Comparing Cypher with SQL

While there are key differences between Cypher® and SQL, it is still possible to compare both languages and write equivalent SQL statements using Cypher. The Northwind dataset is used here to better illustrate the comparison.

For a more in-depth explanation on the differences and similarities between graph and relational databases, see Transition from relational to graph database.

Indexing

Indexes are available both in SQL and Cypher. They make searching for a specific node label and attribute combination more efficient.

Indexes in Cypher are only used for finding the starting points of a query; all subsequent pattern matching is done through the graph structure. Cypher supports range, text, point, lookup, full-text, and vector indexes.

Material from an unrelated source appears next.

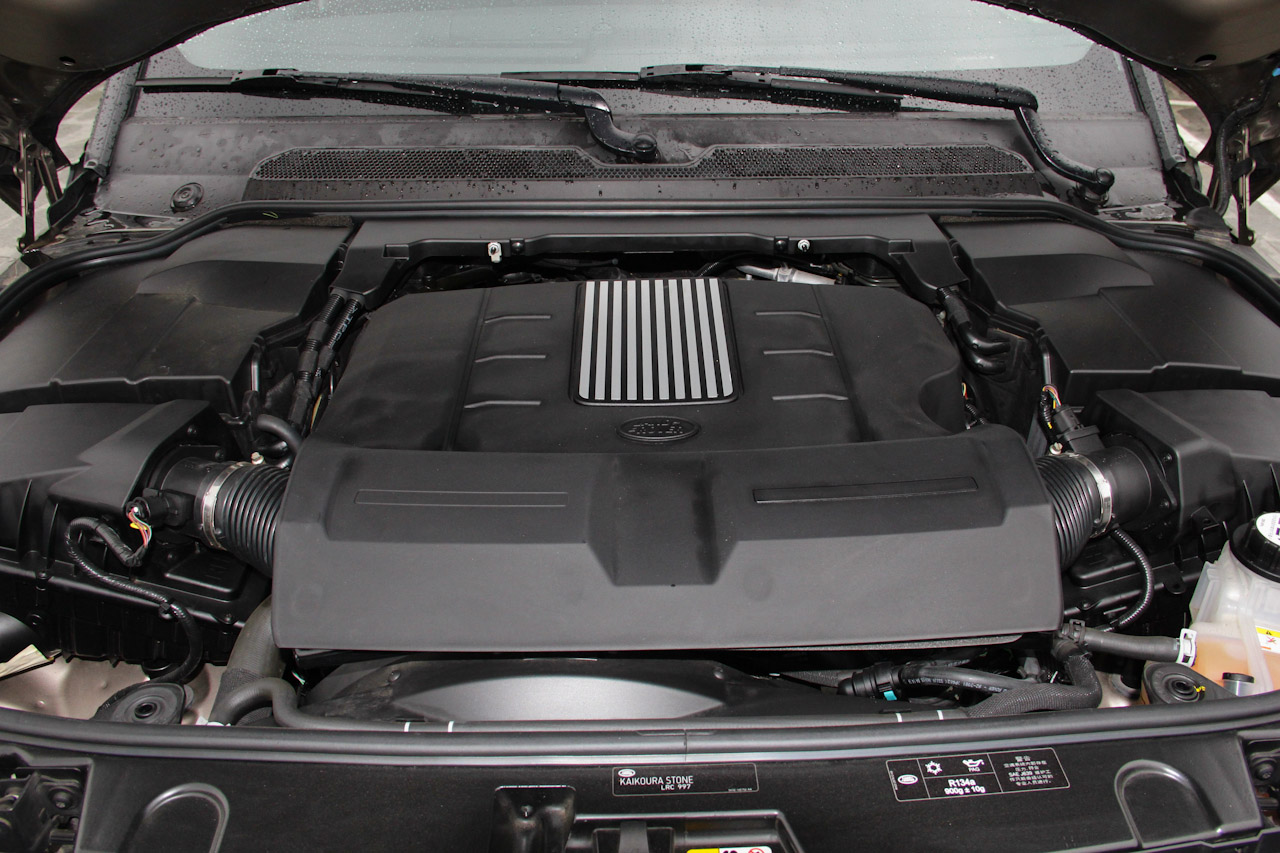 2016款第四代发现3.0T自动SC曜黑典藏版 SE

In the Northwind dataset, adding indexes on productName and unitPrice makes searching for a product and its price quicker:

SQL Cypher
CREATE INDEX Product_productName ON products (product_name);
CREATE INDEX Product_unitPrice ON products (unit_price);
CREATE INDEX Product_productName IF NOT EXISTS FOR (p:Product) ON p.productName;
CREATE INDEX Product_unitPrice IF NOT EXISTS FOR (p:Product) ON p.unitPrice;

Query examples

Select and return records

SQL Cypher

To select and return records in SQL, select everything from the products table:

SELECT p.*
FROM products as p;

In Cypher, you MATCH a simple pattern: all nodes with the label :Product, and RETURN them:

MATCH (p:Product)
RETURN p;

Field access, ordering, and paging

Rather than returning all attributes, you can filter out the ones you are interested in — ProductName and UnitPrice, for example.

SQL Cypher

In SQL, this is how you order items by price and return the 10 most expensive items:

SELECT p.ProductName, p.UnitPrice
FROM products as p
ORDER BY p.UnitPrice DESC
LIMIT 10;

The statement is similar in Cypher, except for the pattern matching part:

MATCH (p:Product)
RETURN p.productName, p.unitPrice
ORDER BY p.unitPrice DESC
LIMIT 10;
Result
p.productName p.unitPrice

"Côte de Blaye"

263.5

"Thüringer Rostbratwurst"

123.79

"Mishi Kobe Niku"

97.0

"Sir Rodney’s Marmalade"

81.0

"Carnarvon Tigers"

62.5

"Raclette Courdavault"

55.0

"Manjimup Dried Apples"

53.0

"Tarte au sucre"

49.3

"Ipoh Coffee"

46.0

"Rössle Sauerkraut"

45.6

Remember that labels, relationship types, and property names are case sensitive in Neo4j. For more details on naming rules, see the Cypher Manual → Naming rules and recommendations.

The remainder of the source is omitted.